§ **Exercise requirements**: Would you copy all lines in the data that contain the word "Photo"?

§ **Source information**:
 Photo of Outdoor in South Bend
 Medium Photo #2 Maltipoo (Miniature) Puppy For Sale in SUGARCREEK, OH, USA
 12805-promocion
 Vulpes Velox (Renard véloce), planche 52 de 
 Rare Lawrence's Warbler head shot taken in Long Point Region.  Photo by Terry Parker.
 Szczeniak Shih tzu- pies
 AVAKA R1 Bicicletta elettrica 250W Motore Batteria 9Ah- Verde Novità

--

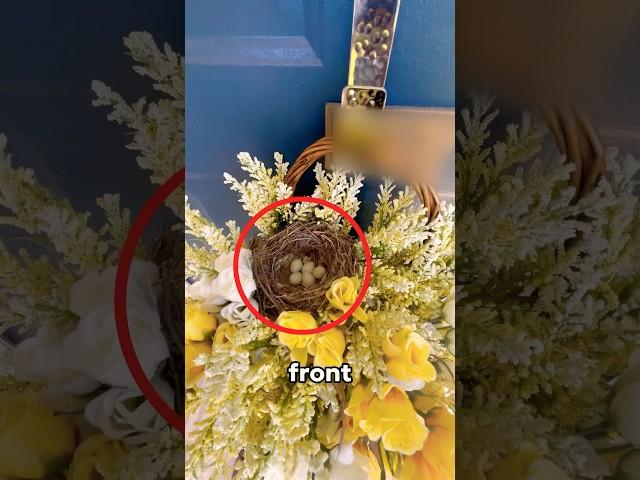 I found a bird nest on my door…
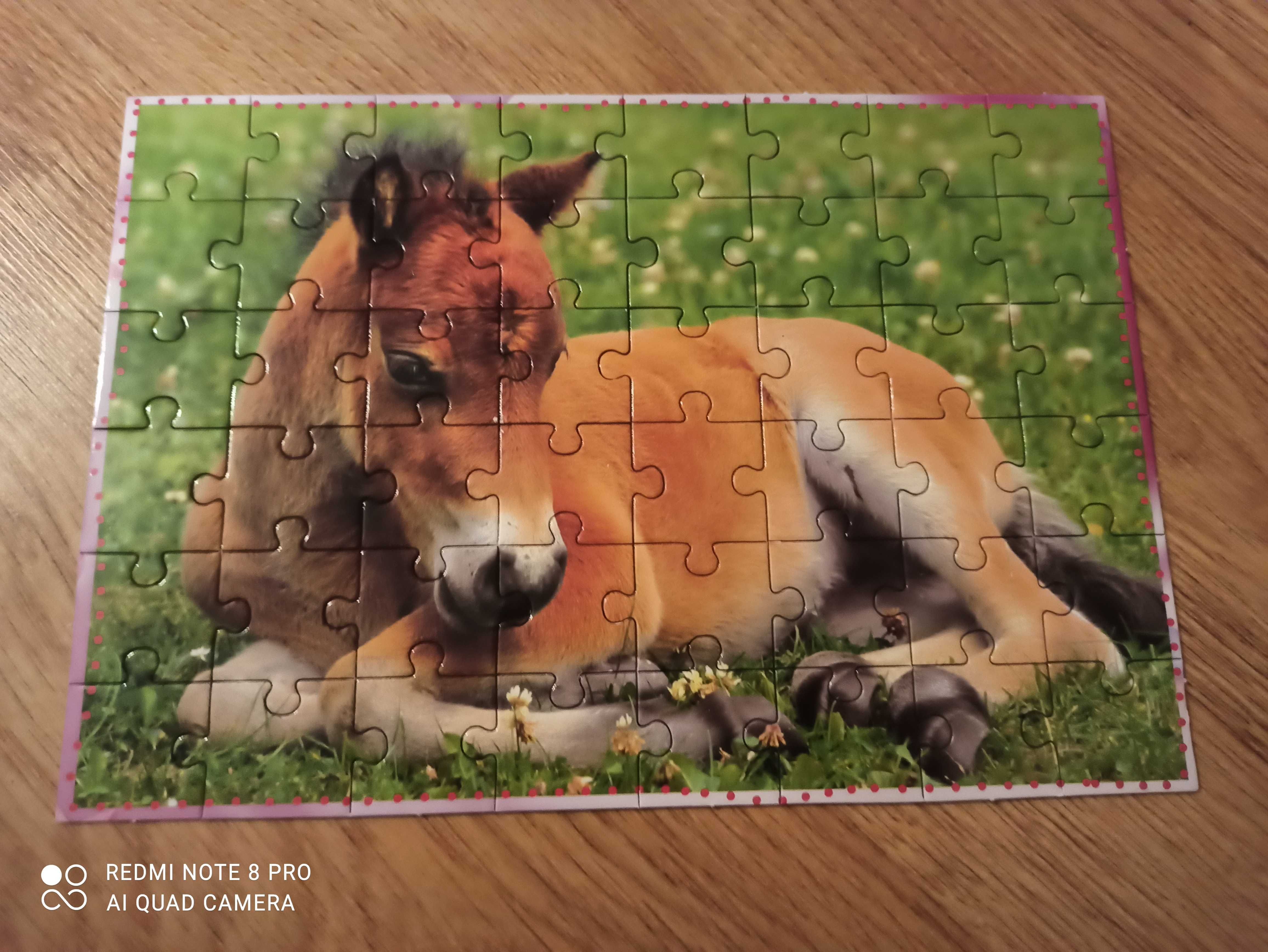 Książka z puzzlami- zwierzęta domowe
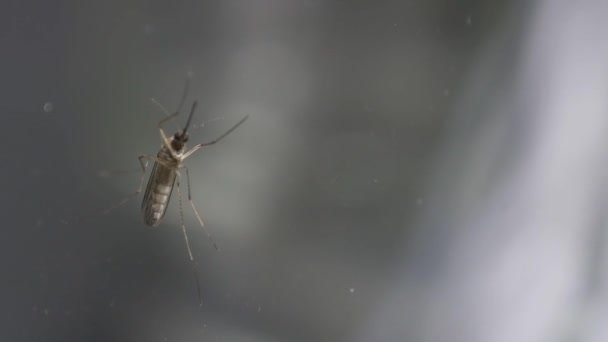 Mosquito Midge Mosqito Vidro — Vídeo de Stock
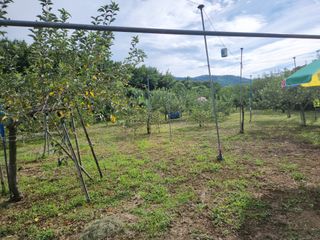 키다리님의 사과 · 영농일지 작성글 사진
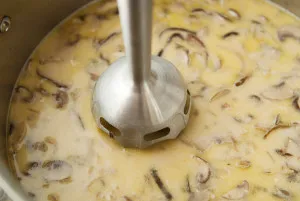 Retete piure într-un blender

§ **Output for this task**:
 Photo of Outdoor in South Bend
 Medium Photo #2 Maltipoo (Miniature) Puppy For Sale in SUGARCREEK, OH, USA
 Rare Lawrence's Warbler head shot taken in Long Point Region.  Photo by Terry Parker.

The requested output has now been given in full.